I keep getting the issue where the loss_rpn_box_reg is nan if x0 > x1 (in the [xmin, ymin, xmax, yamx] format).
For my dataset, xmax and ymax represent the top left corner and xmin and ymin represent width and height of the box. The training works fine when xmax > xmin, however, in the case where there is an object in the bottom left-hand corner the xmax < xmin. For example, one of the objects in the dataset has the following bounding box: [ 53., 89., 7., 226.], which is correct as I can use those coordinates to generate a bounding box on top of the corresponding image:

Any advice would be greatly appreciated.
This is expected, see https://github.com/pytorch/vision/issues/1120
Your boxes can't be degenerate. You should convert the x0, y0, w, h representation from your dataset into x0, y0, x1, y1 before returning the boxes.
Thank you for your reply. I'm sorry, but I don't quite understand how to convert the format of the boxes. For example, the bounding box I have above [ 53., 89., 7., 226.], how would that look in the [x0, y0, x1, y1]?

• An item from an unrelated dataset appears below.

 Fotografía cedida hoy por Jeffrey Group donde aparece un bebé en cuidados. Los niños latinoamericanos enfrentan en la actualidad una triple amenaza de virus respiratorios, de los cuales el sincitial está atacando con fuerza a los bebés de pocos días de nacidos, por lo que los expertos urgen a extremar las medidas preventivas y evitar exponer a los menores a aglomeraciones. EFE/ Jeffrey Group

It looks that the coordinates are [x0, y0, w, h]. To convert it to [x0, y0, x1, y1], you can do something like
x1 = x0 + w
y1 = y0 + h
return [x0, y0, x1, y1]
Oh, actually, there might just be a problem with your annotations that the x0 and x1 are flipped in some cases.
If that's the case, then just always make x0_new = min(x0, x1) and x1_new = max(x0, x1) and the same for y
Thank you very much. I will make the adjustments based on your suggestions.
Sorry, I just had one other question. How would I use negative sample (images with not annotations)? After running through the dataloader, I get empty tensors for the bounding box.
How would I use negative sample (images with not annotations)? After running through the dataloader, I get empty tensors for the bounding box.
This is currently not supported. If you think this is something that would be helpful, please create a new task for tracking this feature request.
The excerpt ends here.